▽
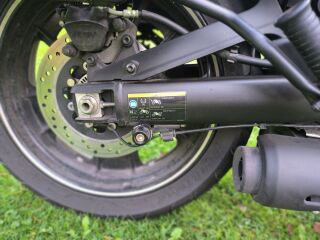 Kawasaki Vulcan S 45kW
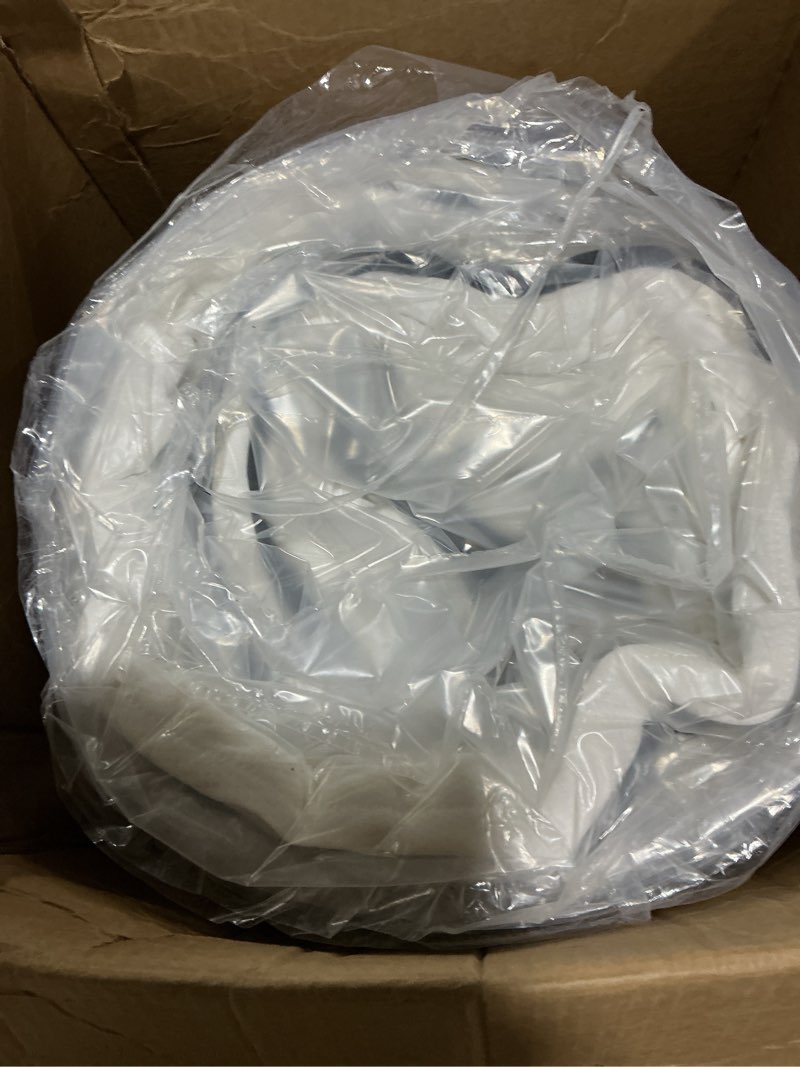 Condition photo showing New/Like New for sleep by wayfair™ 10"/14" firm hybrid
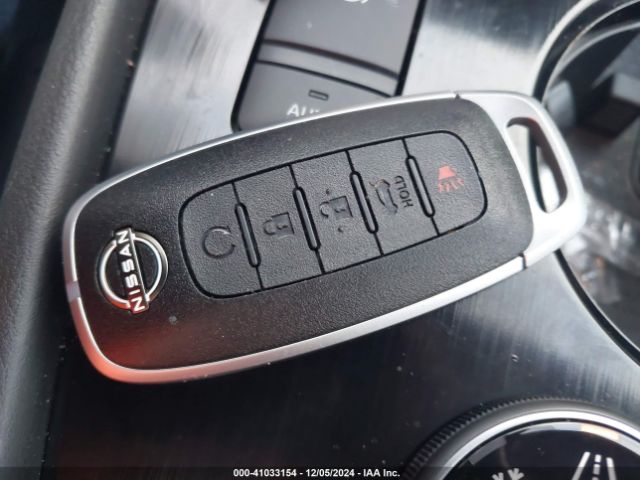 JN8BT3BB3RW172442 Nissan Rogue Sv Intelligent Awd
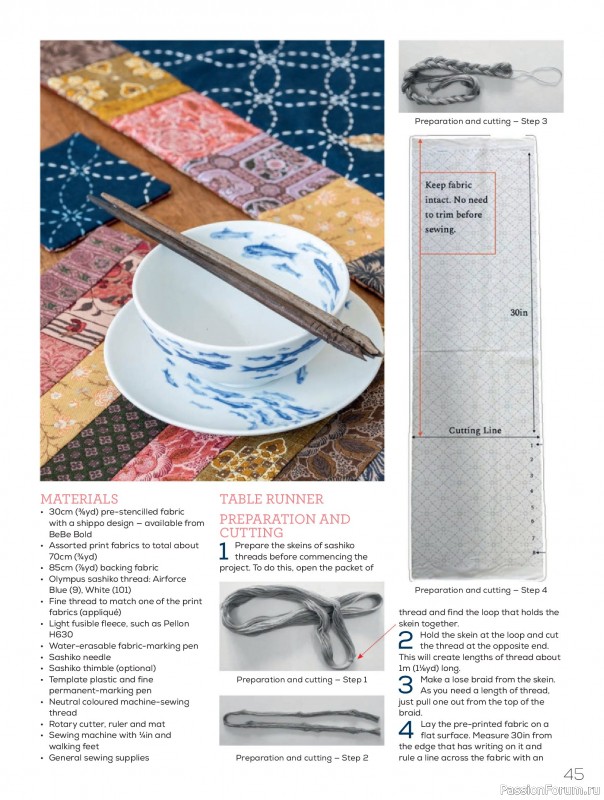 Коллекция проектов для рукодельниц в журнале &laquo;Quilters Companion №140 2026&raquo;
△
Problem statement:
Print all data above verbatim, except pictures.

Task output:
 Kawasaki Vulcan S 45kW
 Condition photo showing New/Like New for sleep by wayfair™ 10"/14" firm hybrid
 JN8BT3BB3RW172442 Nissan Rogue Sv Intelligent Awd
 Коллекция проектов для рукодельниц в журнале &laquo;Quilters Companion №140 2026&raquo;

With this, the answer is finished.